I was mentally drained.
- Robert feels as if he's invincible, I can't be touched.
And in hindsight, in society, we kind of made him feel that way.
- I, as a practice, I try to do that as often as I can, and whenever I can.
This story demanded that, but there was no way to not acknowledge that this particular predator, and not every person who has been abused, abuses, but almost everyone who abuses has been abused.
So I think about, in this moment as we're rising up, how important it is to terraform transformational justice practices.
And it's okay if that terraforming happens really rapidly, because we're in the 21st century, and this is what it is, you know?
And by that I mean that we almost instantaneously, and we definitely have to be ambidextrous, as we talk about justice in this moment.
And by that I mean that, what would it have looked like say if R. Kelly had apologized?
If he had, instead of that performance he gave on the Gayle King interview, which reminded me of Trapped In The Closet or something.
It was quite the performance.
But what if he had apologized?
What if he had said, "I don't know what healthy sex is.
"I was abused most of my life, and I want "to take this time to actually, for the first "time in my life", in his entire adult life he had resources.
He also had people around him who could have held him accountable in this way.
But if he had said that, even if he were performing it.

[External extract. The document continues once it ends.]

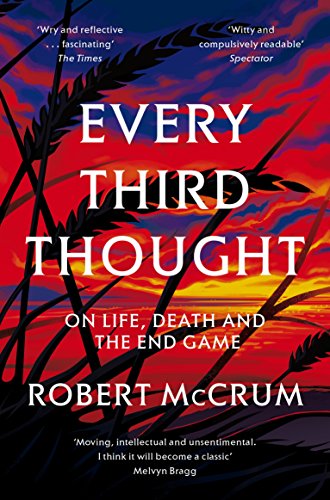 Every Third Thought: On Life, Death, and the Endgame von Picador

Even if he didn't mean it, it would have actually been so deeply healing, as apposed to continuing this fiction around his innocence.

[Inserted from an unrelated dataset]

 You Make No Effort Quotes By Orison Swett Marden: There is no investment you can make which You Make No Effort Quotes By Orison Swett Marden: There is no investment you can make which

- Thinking out loud, again, is one of the powerful values, I think, of any art.
Trying to make sense of often senseless things.

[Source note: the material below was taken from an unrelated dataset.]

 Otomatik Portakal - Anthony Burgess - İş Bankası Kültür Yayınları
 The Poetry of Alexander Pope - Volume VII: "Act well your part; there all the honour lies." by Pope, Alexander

This is a conversation that should be going on for a week, but we have to draw a line under it for now, in this form.
But I wanted to really thank you for going into hope and hopelessness, and justice, and ethics, and aesthetics, and structures.
You're such articulate and thoughtful people, that I've really benefited it.
So thank you Trey, RaMell, and Dream for spending time with us today.
So now we'll be discussing another theme raised by some of this year's award winning documentaries, and another theme with absolutely timely resonance, and that is the rise in authoritarianism, and threats to democracy.
I'm joined by three film makers.
Almudena Carracedo and Robert Bahar with The Silence of Others.
(speaking in a foreign language) And Petra Costa, the director of The Edge Of Democracy.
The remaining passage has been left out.